Return the lines of the data below starting at the one holding "Hey guys, this" and ending at the one holding "Hi everybody, this", word for word, leaving every picture out.
START Information
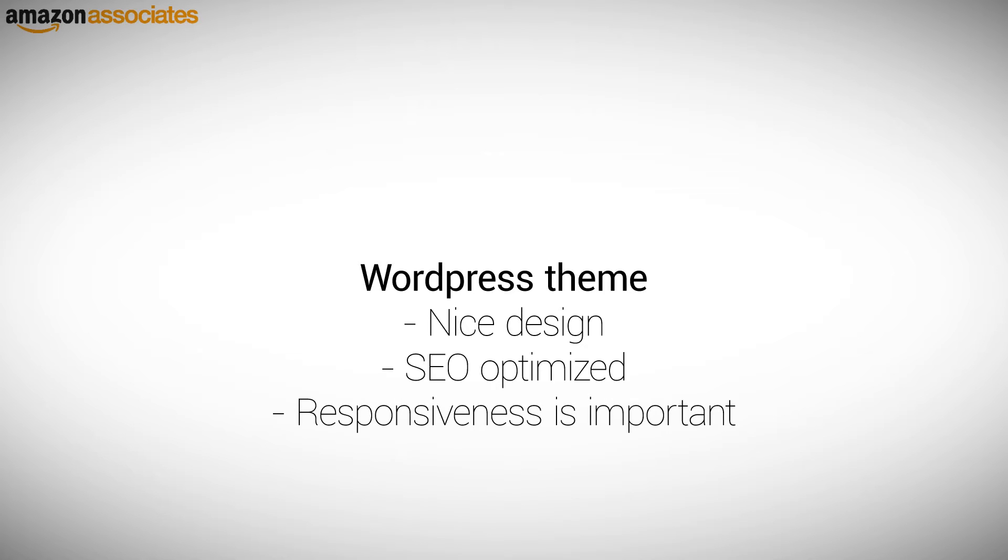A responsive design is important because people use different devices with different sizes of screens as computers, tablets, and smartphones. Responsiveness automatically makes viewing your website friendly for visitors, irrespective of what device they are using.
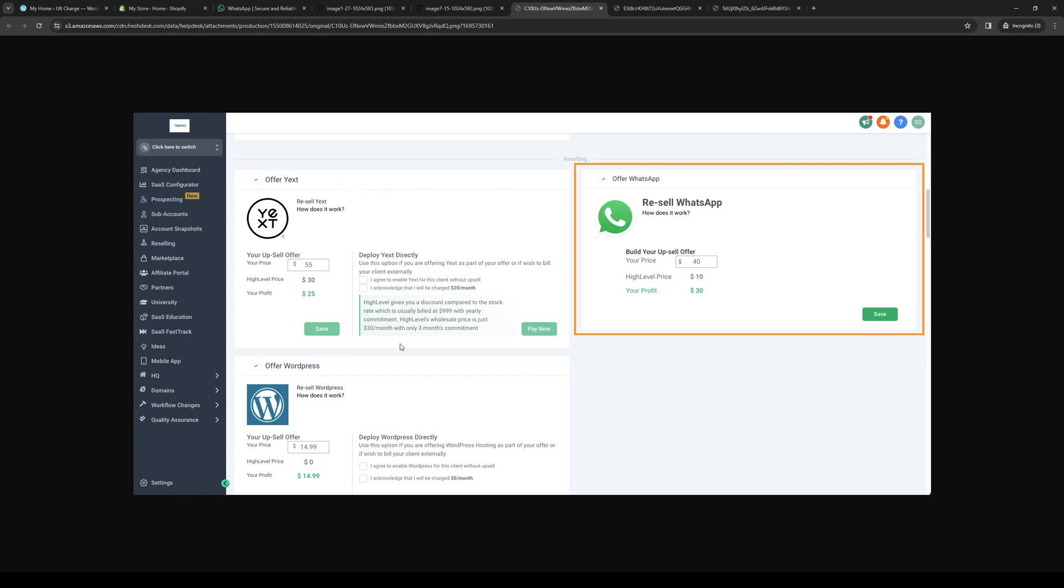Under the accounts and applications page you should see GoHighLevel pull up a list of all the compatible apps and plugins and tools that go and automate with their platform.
END Information
START Information
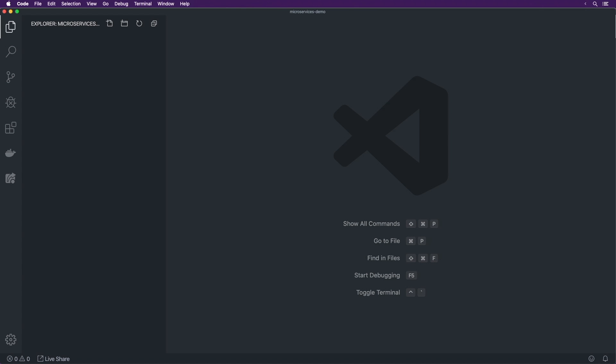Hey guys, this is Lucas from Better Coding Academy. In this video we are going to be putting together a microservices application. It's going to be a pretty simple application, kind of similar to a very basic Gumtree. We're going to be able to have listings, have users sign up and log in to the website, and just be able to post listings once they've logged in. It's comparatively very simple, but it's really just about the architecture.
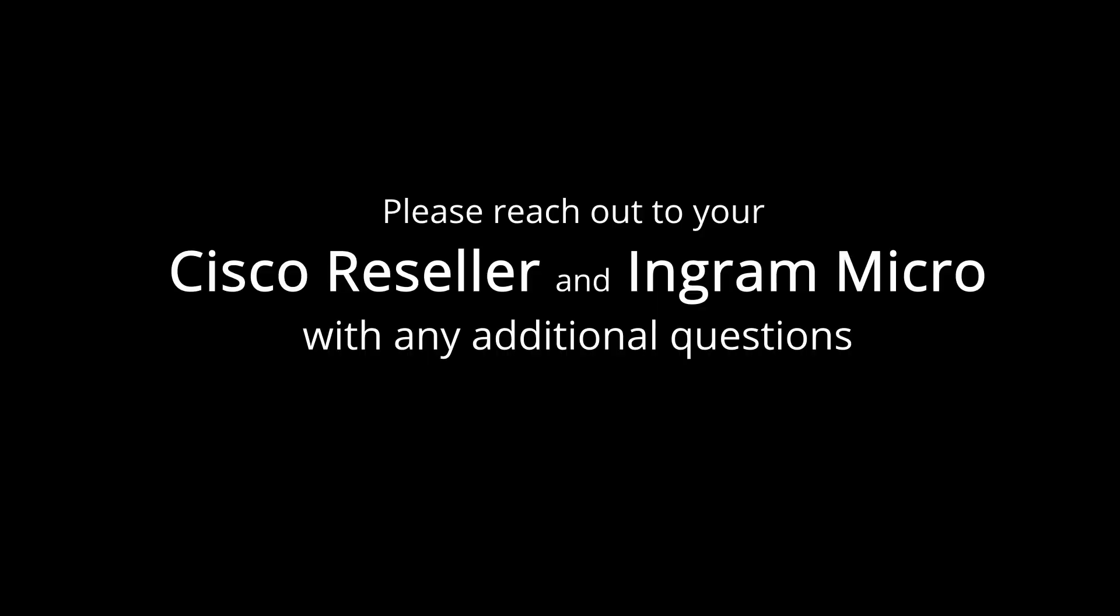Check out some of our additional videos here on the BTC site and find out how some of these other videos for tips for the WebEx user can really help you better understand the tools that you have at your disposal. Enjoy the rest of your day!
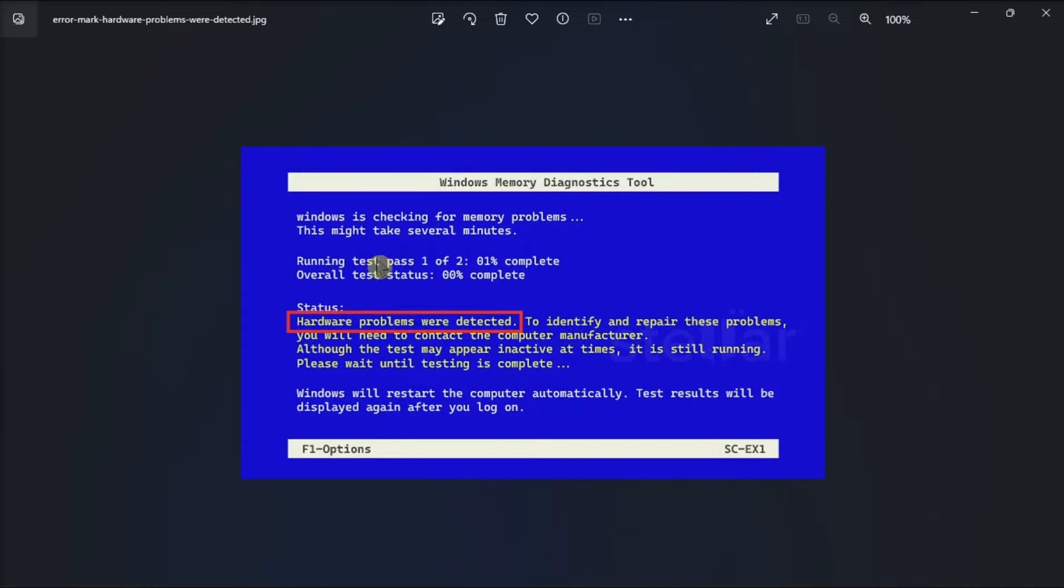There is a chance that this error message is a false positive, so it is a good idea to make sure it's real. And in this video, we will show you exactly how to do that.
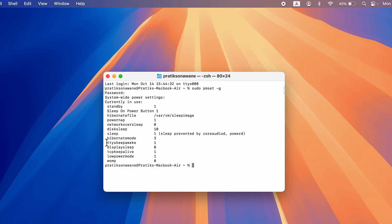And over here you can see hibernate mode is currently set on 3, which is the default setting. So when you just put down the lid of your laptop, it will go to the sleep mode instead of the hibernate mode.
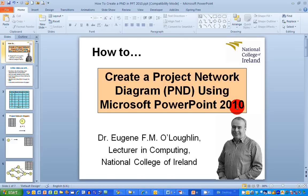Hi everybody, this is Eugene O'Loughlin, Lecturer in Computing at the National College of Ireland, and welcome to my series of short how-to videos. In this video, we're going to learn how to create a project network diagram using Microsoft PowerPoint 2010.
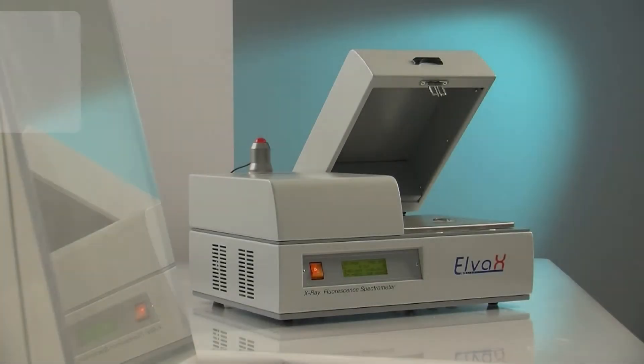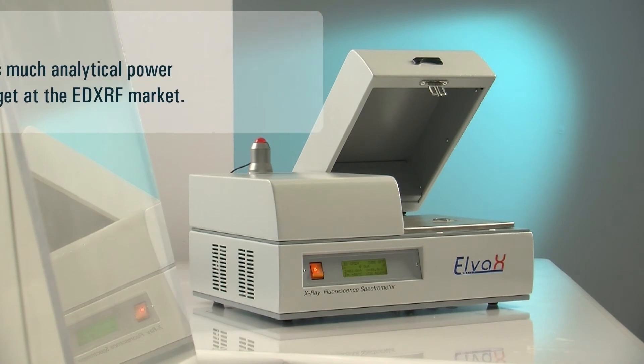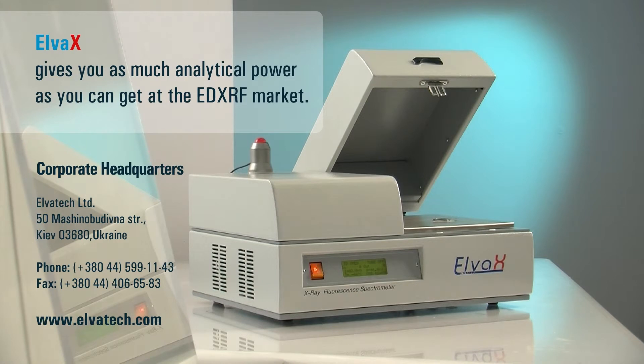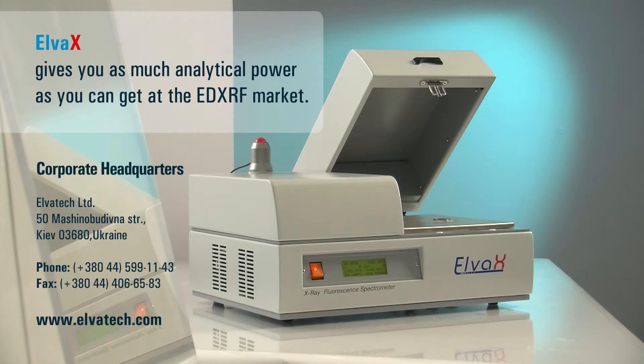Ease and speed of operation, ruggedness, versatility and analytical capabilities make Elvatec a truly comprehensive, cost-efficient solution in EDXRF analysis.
END Information
● **Response below**:
Hey guys, this is Lucas from Better Coding Academy. In this video we are going to be putting together a microservices application. It's going to be a pretty simple application, kind of similar to a very basic Gumtree. We're going to be able to have listings, have users sign up and log in to the website, and just be able to post listings once they've logged in. It's comparatively very simple, but it's really just about the architecture.
Check out some of our additional videos here on the BTC site and find out how some of these other videos for tips for the WebEx user can really help you better understand the tools that you have at your disposal. Enjoy the rest of your day!
There is a chance that this error message is a false positive, so it is a good idea to make sure it's real. And in this video, we will show you exactly how to do that.
And over here you can see hibernate mode is currently set on 3, which is the default setting. So when you just put down the lid of your laptop, it will go to the sleep mode instead of the hibernate mode.
Hi everybody, this is Eugene O'Loughlin, Lecturer in Computing at the National College of Ireland, and welcome to my series of short how-to videos. In this video, we're going to learn how to create a project network diagram using Microsoft PowerPoint 2010.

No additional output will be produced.